_Work task_
Give back, character for character, the line that includes "Lace Plus Size" and all lines beneath it in the data.

_Short text fragments from websites_
####################

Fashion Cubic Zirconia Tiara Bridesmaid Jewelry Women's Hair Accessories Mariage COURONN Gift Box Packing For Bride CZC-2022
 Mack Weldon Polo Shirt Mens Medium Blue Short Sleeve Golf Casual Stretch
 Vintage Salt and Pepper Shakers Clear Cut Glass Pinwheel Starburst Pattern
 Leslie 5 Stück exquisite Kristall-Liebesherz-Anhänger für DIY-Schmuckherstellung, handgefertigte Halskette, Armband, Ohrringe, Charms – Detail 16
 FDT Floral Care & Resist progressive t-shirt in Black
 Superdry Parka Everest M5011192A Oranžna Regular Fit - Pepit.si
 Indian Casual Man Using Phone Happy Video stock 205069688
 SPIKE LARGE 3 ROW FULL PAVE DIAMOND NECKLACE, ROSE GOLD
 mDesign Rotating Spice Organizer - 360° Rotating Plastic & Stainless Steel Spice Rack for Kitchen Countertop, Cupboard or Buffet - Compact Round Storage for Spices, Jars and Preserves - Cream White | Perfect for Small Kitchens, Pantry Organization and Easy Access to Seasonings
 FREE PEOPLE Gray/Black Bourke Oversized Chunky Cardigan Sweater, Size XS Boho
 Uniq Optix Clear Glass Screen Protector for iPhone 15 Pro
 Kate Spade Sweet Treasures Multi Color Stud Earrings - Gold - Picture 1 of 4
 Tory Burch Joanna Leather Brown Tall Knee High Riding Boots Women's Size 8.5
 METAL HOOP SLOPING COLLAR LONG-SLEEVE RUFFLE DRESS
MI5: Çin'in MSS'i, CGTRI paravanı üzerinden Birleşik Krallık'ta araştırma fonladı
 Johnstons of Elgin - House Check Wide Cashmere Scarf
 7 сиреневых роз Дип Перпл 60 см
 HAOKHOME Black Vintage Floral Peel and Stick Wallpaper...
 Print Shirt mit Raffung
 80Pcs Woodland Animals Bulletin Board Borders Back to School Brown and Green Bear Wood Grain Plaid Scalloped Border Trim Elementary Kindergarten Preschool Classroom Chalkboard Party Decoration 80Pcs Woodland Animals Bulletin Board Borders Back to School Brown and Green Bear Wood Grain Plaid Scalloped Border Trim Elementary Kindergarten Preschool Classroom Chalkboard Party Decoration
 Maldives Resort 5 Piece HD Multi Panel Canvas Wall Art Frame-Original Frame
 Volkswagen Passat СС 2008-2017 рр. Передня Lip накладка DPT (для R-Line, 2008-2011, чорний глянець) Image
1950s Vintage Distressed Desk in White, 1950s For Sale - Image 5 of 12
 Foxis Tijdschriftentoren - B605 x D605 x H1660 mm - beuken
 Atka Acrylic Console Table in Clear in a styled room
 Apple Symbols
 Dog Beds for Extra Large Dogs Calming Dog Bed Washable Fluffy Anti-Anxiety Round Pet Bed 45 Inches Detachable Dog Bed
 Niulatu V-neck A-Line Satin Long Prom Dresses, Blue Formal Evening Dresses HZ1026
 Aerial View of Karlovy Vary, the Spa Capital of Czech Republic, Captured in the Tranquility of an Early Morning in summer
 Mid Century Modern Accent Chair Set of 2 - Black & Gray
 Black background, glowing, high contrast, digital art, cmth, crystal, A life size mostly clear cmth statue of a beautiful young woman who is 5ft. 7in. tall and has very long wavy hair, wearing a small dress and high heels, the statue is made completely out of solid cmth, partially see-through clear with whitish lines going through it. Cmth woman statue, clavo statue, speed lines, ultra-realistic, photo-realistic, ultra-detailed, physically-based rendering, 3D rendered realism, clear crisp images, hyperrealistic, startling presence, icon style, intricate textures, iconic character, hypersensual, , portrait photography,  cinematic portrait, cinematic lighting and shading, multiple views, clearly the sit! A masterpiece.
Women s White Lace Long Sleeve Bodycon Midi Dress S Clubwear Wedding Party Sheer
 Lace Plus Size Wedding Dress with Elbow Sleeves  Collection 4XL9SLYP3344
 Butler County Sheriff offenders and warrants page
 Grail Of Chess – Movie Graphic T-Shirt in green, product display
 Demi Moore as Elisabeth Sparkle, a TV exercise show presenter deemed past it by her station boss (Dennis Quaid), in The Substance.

####################

_Solution below_
 Lace Plus Size Wedding Dress with Elbow Sleeves  Collection 4XL9SLYP3344
 Butler County Sheriff offenders and warrants page
 Grail Of Chess – Movie Graphic T-Shirt in green, product display
 Demi Moore as Elisabeth Sparkle, a TV exercise show presenter deemed past it by her station boss (Dennis Quaid), in The Substance.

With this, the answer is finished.